# Prison Guard Weapons



## Whisper

Can someone tell me what type of rifle weapon a prison guard might use?

I'm thinking the M14 (guard towers) and/or the M4A1


----------



## Terry D

This varies a lot.  Older prisons often have older weapons (AR15) new facilities may have M4s.  Many prisons are considering not staffing the towers with humans at all, but relying on surveillance systems to cut costs.  For a story I'd be tempted to use whatever I wanted.


----------



## Whisper

Terry D said:


> This varies a lot. Older prisons often have older weapons (AR15) new facilities may have M4s. Many prisons are considering not staffing the towers with humans at all, but relying on surveillance systems to cut costs. For a story I'd be tempted to use whatever I wanted.

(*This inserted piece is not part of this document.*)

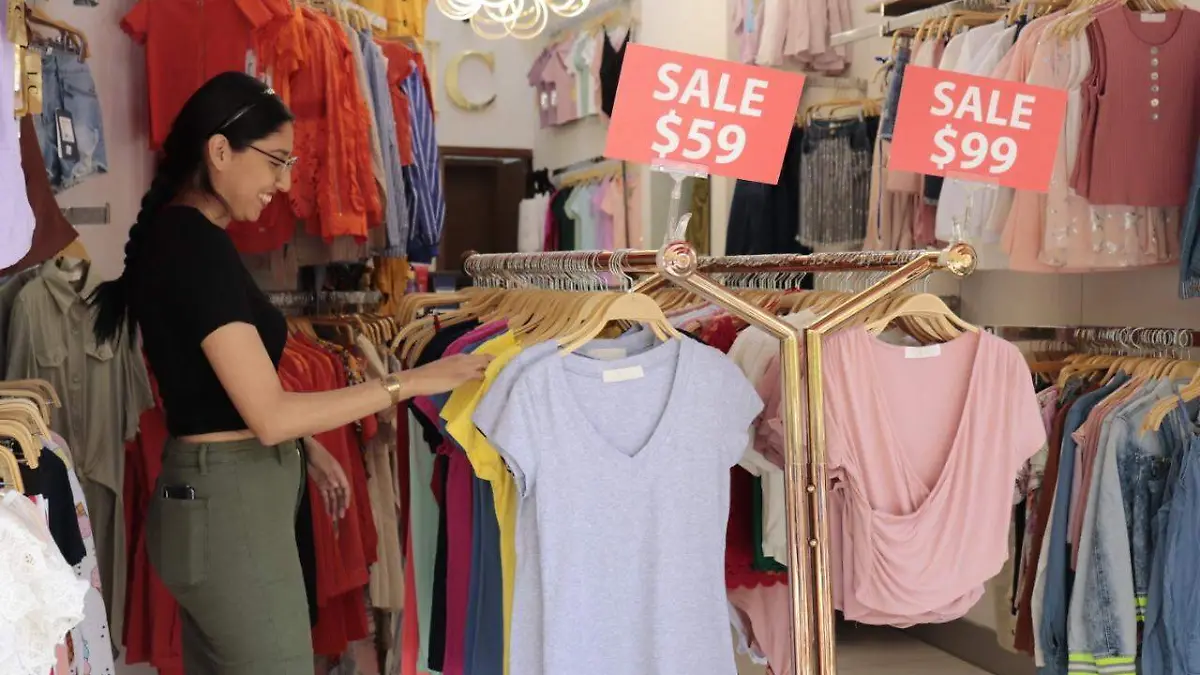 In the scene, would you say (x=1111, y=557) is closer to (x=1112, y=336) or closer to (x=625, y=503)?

Okay, that's good to know. Since if seems to vary I'll probably end up using your suggetion to use what I want (within reason).

In the story I'm writing the guy finds a boat without paddles. He uses a branch to get off shore then switches to the butt of his rifle. Turns out, M4A1 doen't have an effective rifle butt, so I needed to switch it. M14 does.

So, thanks again.


----------



## DPVP

Ruger Mini 14 rifles are also still used in some systems, (California and North Carolina come to mind, they are being phased out in NYPD) that would give you a good stock and the 223 round.


----------



## Lewdog

In Ohio we used the mini-14 for guard towers.  We used Smith and Wesson 38 revolvers for the SRT team and pump action 5 cartridge shotguns.  We used CS gas and pepper spray foggers, and lastly PR-24 batons.  In Ohio there were no guns allowed inside the institution unless during a riot the warden authorizes it.  All the armories are outside the institution.  It's been awhile but they were also talking about using some some less than lethal weapons like stinger grenades that blow up and release little rubber pellets.


----------



## Hemlock

Depending on the location (and the budget) of said prison, the weapons tend to vary.
Our prison guards here are armed with M14s and some glocks. Those with little to no budget at all rely on wooden clubs and sticks. They're lucky if they manage to have shields. :-\"


----------



## Angelwing

Simply because I like the M14, I'd say M14. However, others have said AR-15 style rifles and the Mini 14. Again, personally I'd go with the straight up M14. 

An AR-15 with a full buttstock could work, however, like this one: 







My guess is that a .223 chambered rifle would be more standard, as the ammo's cheaper, and it wouldn't cause as much damage to the target (for all I know, the 7.62x51 may be considered "cruel and unusual" by some)


----------



## Angelwing

Lewdog said:


> It's been awhile but they were also talking about using some some less than lethal weapons like stinger grenades that blow up and release little rubber pellets.



Sounds like the "stingball" grenade I saw on Deadliest Warrior. Apparently the German GSG-9 anti-terrorism unit uses them.


----------



## Whisper

Thanks guys, this all helps. Seems like nothing is standard so I should be safe enough using one of already mentioned weaspons.


----------